Then, in early November 1995, Powell said no to entering the presidential
race and the media's
balloon deflated with an almost audible whoosh. The disappointment
was palpable as
journalists filled a Northern Virginia banquet hall to hear Powell
make the announcement.
The rest of that week, The New York Times op-ed page could have been
draped in black crepe.
Columnist Maureen Dowd compared her disappointment to Francesca's pining
over her
abortive love affair with Robert Kincaid in The Bridges of Madison
County.
"The graceful, hard male animal who did nothing overtly to dominate
us yet dominated us
completely, in the exact way we wanted that to happen at this moment,
like a fine leopard on the
veld, was gone," Dowd wrote, mimicking the novel's overwrought style.
"'Don't leave, Colin
Powell,' I could hear myself crying from somewhere inside." [NYT, Nov.
9, 1995]
Liberal and middle-of-the-road commentators were especially crushed.
Columnists Anthony
Lewis, A.M. Rosenthal and Bob Herbert proved that Dowd's column was
not just satire.
Lewis informed readers that Americans "across the political spectrum
... had just seen the
dignity, the presence, the directness they long for in a president."
Rosenthal proclaimed Powell
to be "graceful, decisive, courteous, warm, also candid." Herbert hailed
Powell as "honest,
graceful, strong, intelligent, modest and resolute." [NYT, Nov. 10,
1995]
Though also smitten by the Powell charisma, Frank Rich recognized that
political reporters
were acting a lot like love-sick adolescents. "The press coverage will
surely, with hindsight,
make for hilarious reading," Rich observed. [NYT, Nov. 11, 1995]
In the years that followed -- as Powell remained a figure of great national
respect, earning
millions of dollars on the lecture circuit -- there has been little
of that critical hindsight.
Thousands of words have been devoted to commenting about Colin Powell's
political future,
virtually all of them positive.
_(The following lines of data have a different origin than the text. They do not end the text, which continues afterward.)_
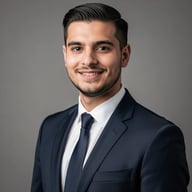 Professional headshot of a man in a navy suit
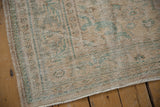 Distressed vintage Oushak rug corner with aged cream, seafoam green Rococo patterns, fringe.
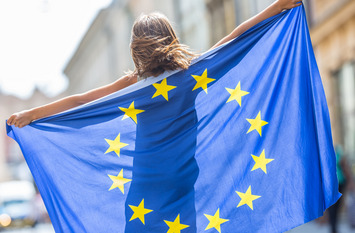 Ein Mädchen breitet mit ausgestreckten Armen hinter seinem Rücken eine Europaflagge aus und läuft so durch eine Stadt.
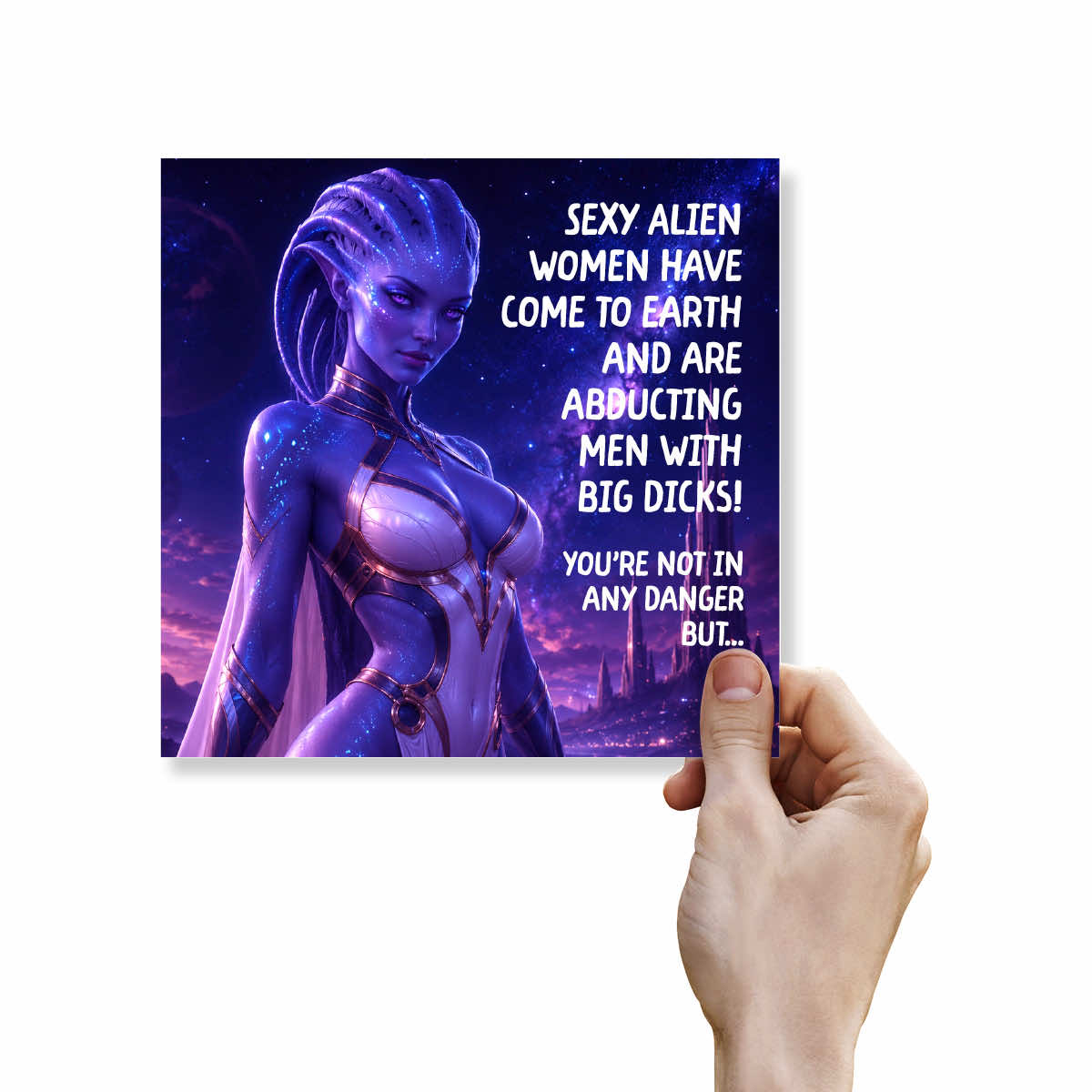 A hand holding a square printed card or poster featuring a stylized purple alien woman on the left and bold white text on the right, shown against a plain white background.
His selection as secretary of state
by President-elect George W.
Bush -- as Bush's first appointment following his tainted victory --
was hailed by the news
media with near universal praise.
Throughout the many years of Powell's presence on the national stage,
there has been
precious little interest in searching for the truth behind Colin Powell's
legend.
End of Series.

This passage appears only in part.